What is the actual impact and risk of the Cloudbleed security incident? That’s a question that is still being answered by Cloudflare and third party security vendors like Symantec alike.
On Feb. 23, the so-called Cloudbleed security incident was first publicly disclosed by Google Project Zero and Cloudflare. A week later, Cloudflare has attempted to quantify the impact of its information disclosure incident and security vendor Symantec now has a new capability to help its customers identify potential Cloudbleed risks.
The Cloudbleed security issue was a set of vulnerabilities in Cloudflare’s systems that enabled the unintentional leakage of data.
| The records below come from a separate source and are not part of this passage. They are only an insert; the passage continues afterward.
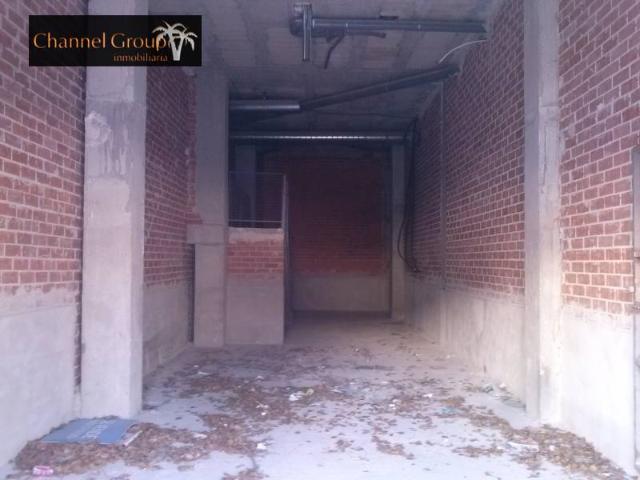 SE ALQUILA LOCAL COMERCIAL EN ZONA EL CORTE INGLÉS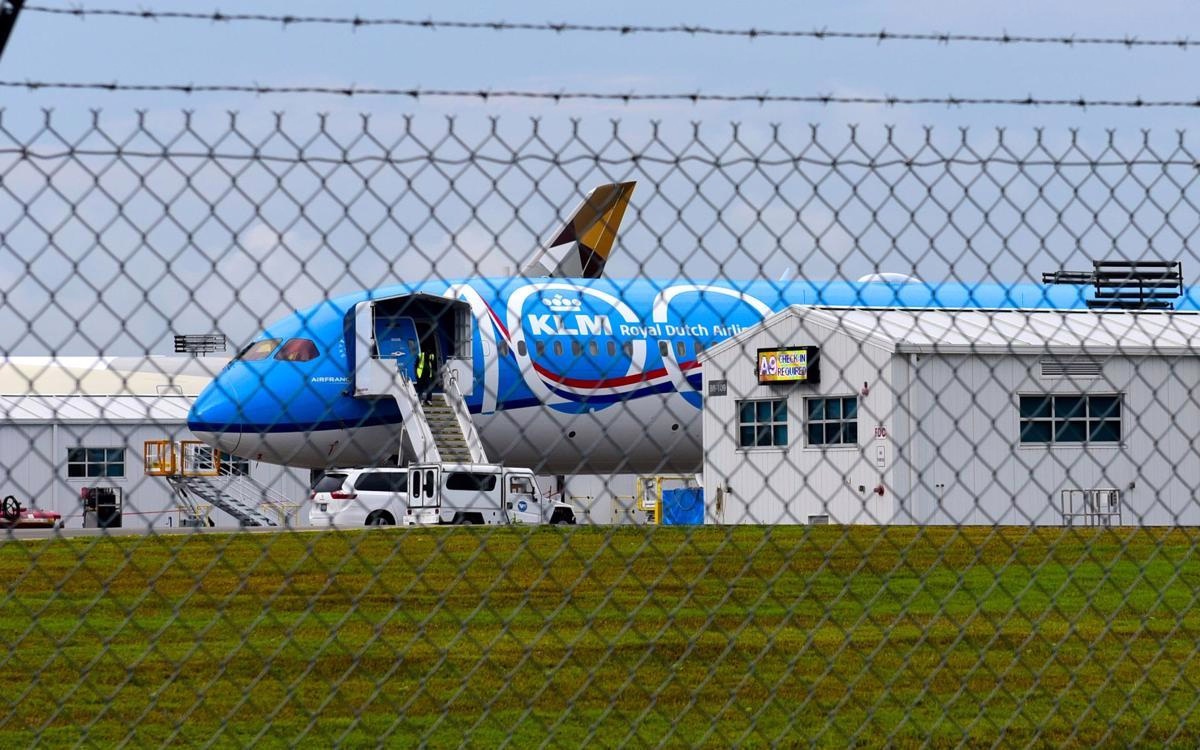 Boeing Cites Engine and Seat Issues for 787 Delivery Delays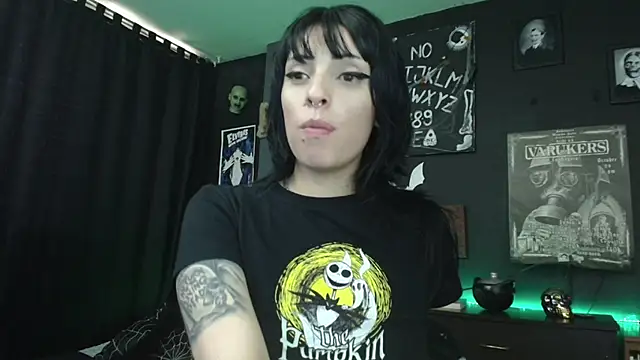 Goddess_Mortem webcam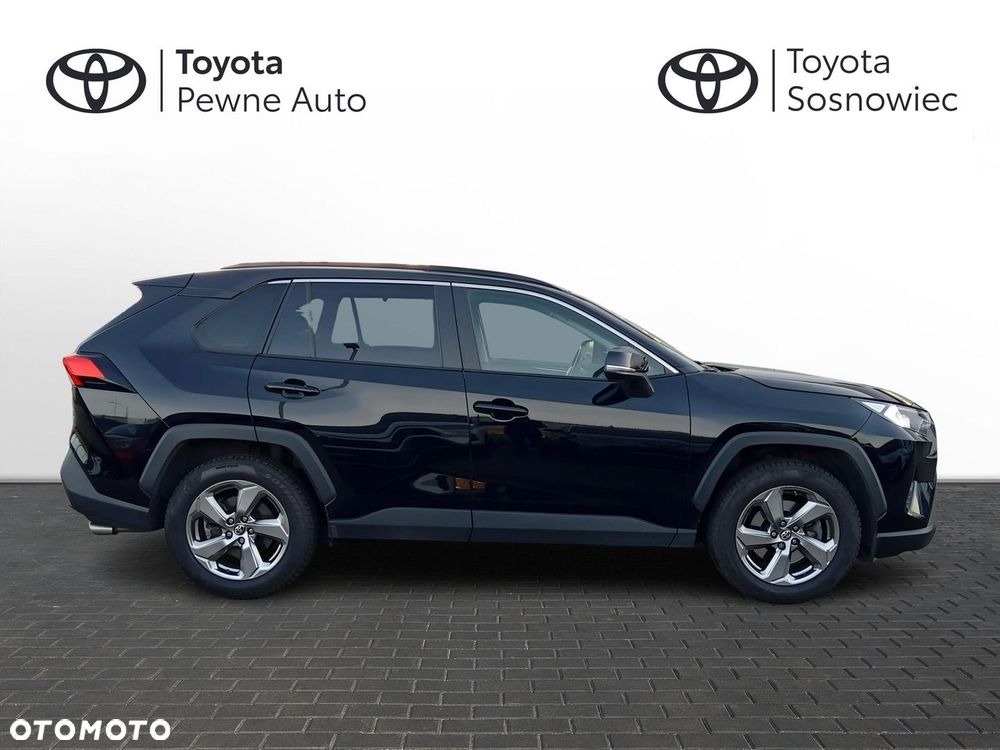 Toyota RAV4 - 9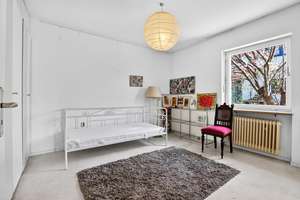 Bezugsfrei! Ruhiges Einfamilienhaus mit großem Garten! Provisionsfrei! – Rudhartstr. 52, 80999 Untermenzing, München – Vorschaubild 14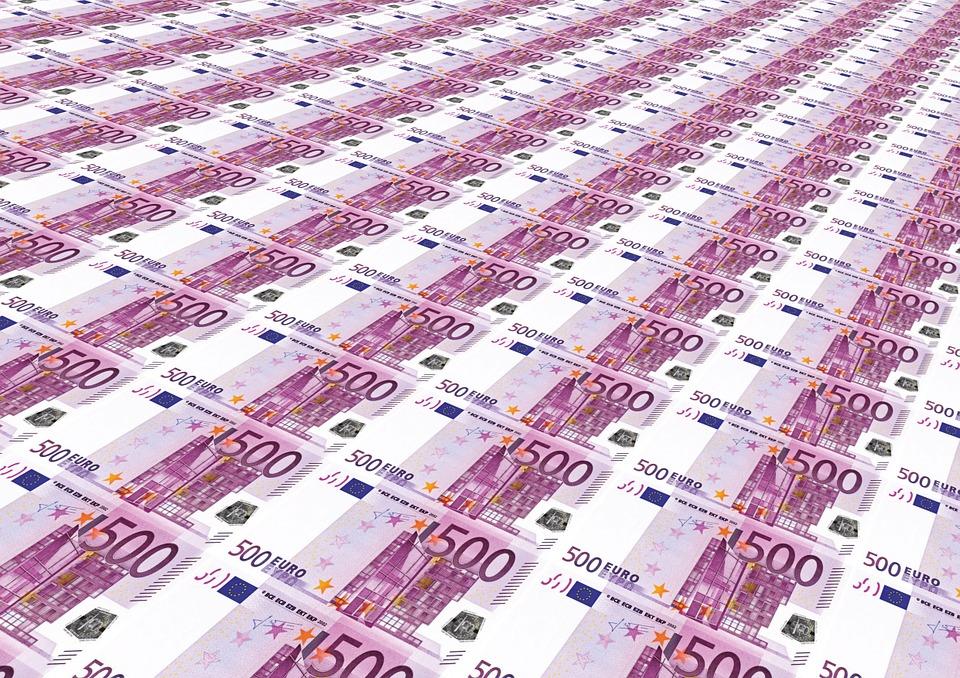 Un europarlamentar ceh a încercat să scoată din bancă 350 de milioane de euro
Before the flaws were identified and corrected by Cloudflare, the company now estimates that the vulnerability was triggered 1.2 million times, mostly by search engines. To help reduce risk, Cloudflare has worked with search engines to purge approximately 200,000 URLs that might have inadvertently cached the leaked Cloudflare data. To date, Cloudflare has no indication that any of its customers have been compromised or exploited due to the Cloudbleed incident.
Marc Rogers, Head of Information Security at Cloudflare, told eWEEK that he suggests that organizations use the information Cloudflare has already publicly published in conjunction with what organizations knows about their application architecture, to help determine what information could have been exposed.
While Cloudflare has been publicly posting about the incident, security vendor Symantec is now offering its customers an additional layer of mitigation by helping to further identify potential areas of risk. Symantec now offers its customers a Cloudbleed analysis analysis capability that makes use of the company’s CloudSOC and ProxySG technologies.
The first part of Symantec’s effort involved mapping all of the vulnerable Cloudbleed URLs. Deena Thomchick, Senior Director, Cloud Security at Symantec explained that Symantec’s cloud research team cross referenced the IP addresses and URLs used by cloud applications in its Symantec Global Intelligence Network (GIN) database, to IP addresses and URLs owned by Cloudflare via a DNS lookup.
“This cross reference was important because cloud applications don’t typically publish all of their URLs and in some cases an application may only be using Cloudflare’s services for a small portion of their URLs,” Thomchick told eWEEK
Thomchick explained that Symantec’s CloudSOC Audit analyzes logs to discover cloud applications and potential Shadow IT applications, being used by members of the organization and it provides a risk analysis of those applications.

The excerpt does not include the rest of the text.